Mihalik murder suspects

Mihalik murder suspects

The three men on trial for the murder of Cape Town lawyer Pete Mihalik spent the morning of the killing on the phone, the court heard Tuesday.

The Renault Clio and VW Polo has seen on CCTV footage of Mihalik’s murder may have disappeared during rush hour, but they left a trail in their cellphones’ location records and call logs.

Brigadier Petrus Bergh, the provincial head of the Hawks’ priority crime management investigations section, allegedly presented the court with a huge list on Tuesday.

Sitting in front of a laptop, he displayed a long document of cellphone location tracking he pieced together after going through hundreds of calls between the three suspects before and after the murder.

Sizwe Biyela, Nkosinathi Khumalo, and Vuyile Maliti are charged with killing Mihalik and attempting to kill his children, whom he was due to drop off at school in Green Point on 30 October 2018.

Three have pled innocent.

Bergh’s evidence is the next piece of a gigantic puzzle the State intends to solve so acting Judge Constance Nziweni may decide if police nabbed the correct persons.

According to the State, the accused almost got away and was lost in rush-hour traffic. Without a traffic official pulling them over for not stopping at an intersection, police might not have gotten the three cellphone numbers in question on Tuesday.

At the traffic stop, one of the two-car convoy pulled over, drove away, returned on foot, and was questioned at Sea Point police station. Read more: Three Peoples Were Killed in a Murder-suicide Near Charlotte

Mihalik murder suspects

Once he was there, and the police had eyewitness testimony of the automobiles involved and CCTV evidence of the shooting, they put two and two together, and Khumalo was facing more than simply Municipal Court for escaping a traffic official.

During questioning, his phone kept ringing. The cop interviewing him pulled out his phone and spotted Biyela’s name. Police retrieved Maliti’s number from the address he gave when accepting his fine. Bergh then combed through the three phones’ cell tower data to create a spreadsheet of incoming and outgoing calls.

He constructed a triangle of all calls between the three commencing on 22 October 2018, when Biyela was in KwaZulu-Natal.

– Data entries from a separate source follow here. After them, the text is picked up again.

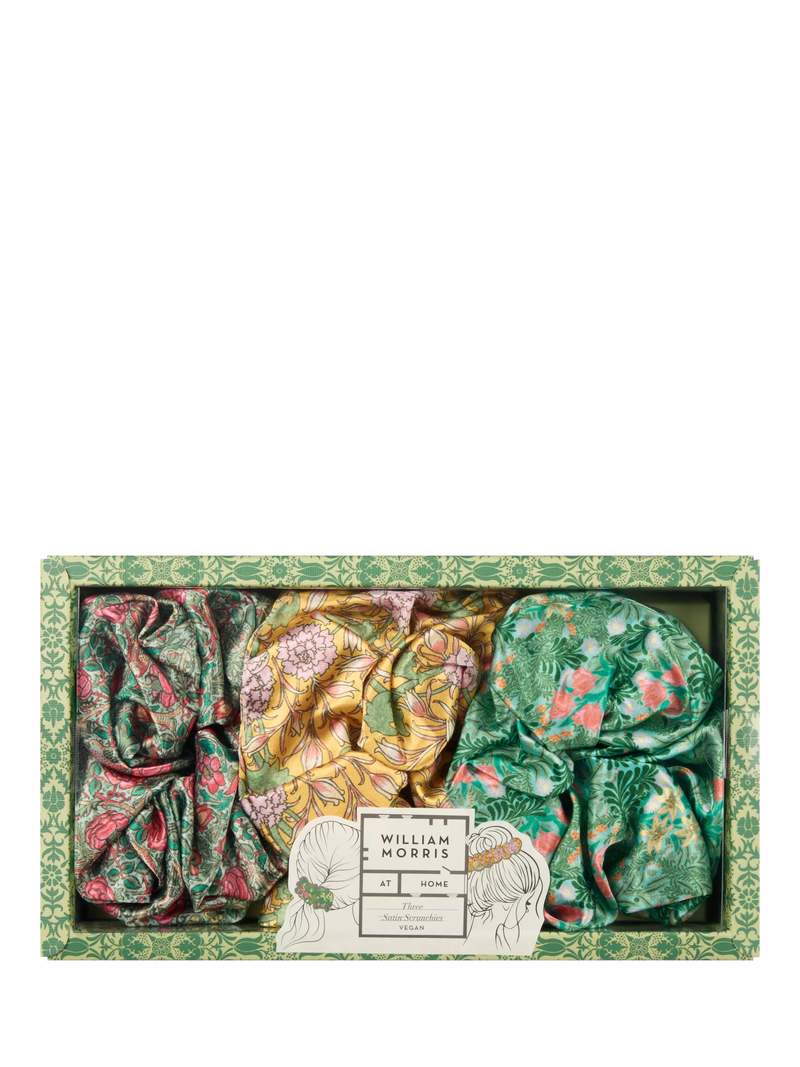 William Morris satin hair scrunchies gift set - British product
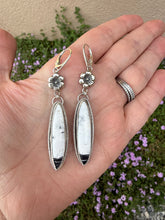 Load image into Gallery viewer, White Buffalo Turquoise Earrings with Flower Accents
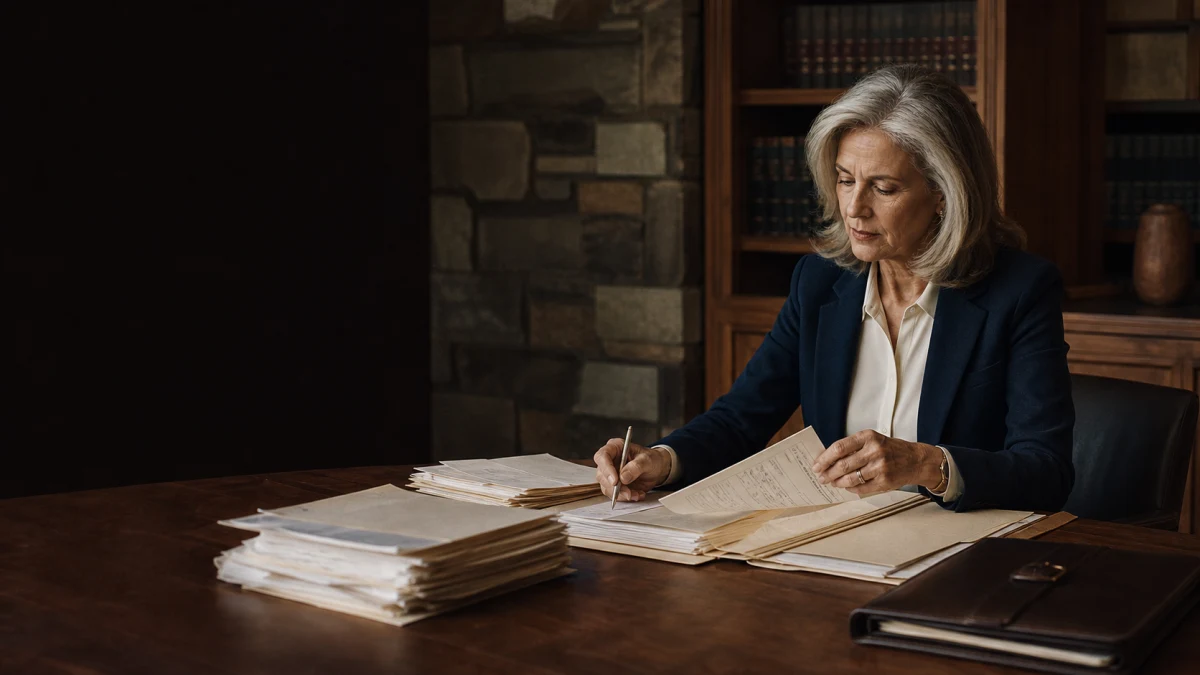 A case manager maps intake stages while comparing a prospect interview with supporting records.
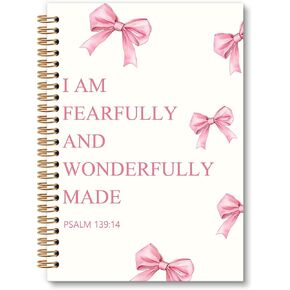 Pink Bible Notebook Journal - Preppy Coquette Bow Spiral Notebook, Pink Spiral Notebooks, God Say I am Christian Notebooks Gift for Women Girls, Bow Preppy School Office Supplies,6x8.2In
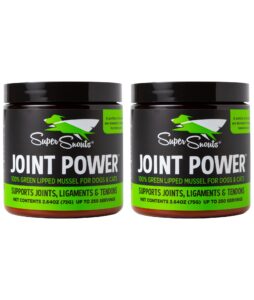 super snouts joint power 100% green lipped mussels for dogs & cats - dog joint supplement powder supports joints, tendons, ligaments (2.64 oz, pack of 2)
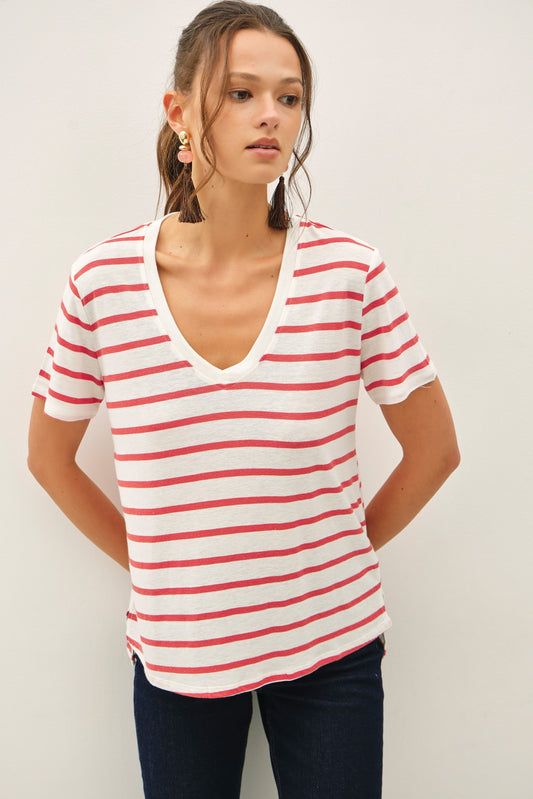 Humble Cotton Linen Blend Relaxed Fit Striped T-shirt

He created a timeline of Biyela and Khumalo’s arrivals from KwaZulu-Natal and calls with Maliti. On the “dry run” of 29 October, the two automobiles were spotted driving Mihalik’s children to school.

On the day of his assassination, the three made frantic calls, and the cellular tower logged their purported departure through New Somerset Hospital and on Buitengracht Street. Maliti and Biyela’s phones were picked up by towers as they passed through Maitland, and they made short calls. Read more: Five Kidnapped Policemen in Cross River Are Released

Khumalo was logged on the Sea Point police station tower. At 09:26, he stopped answering calls. Wednesday is Bergh’s cross-examination.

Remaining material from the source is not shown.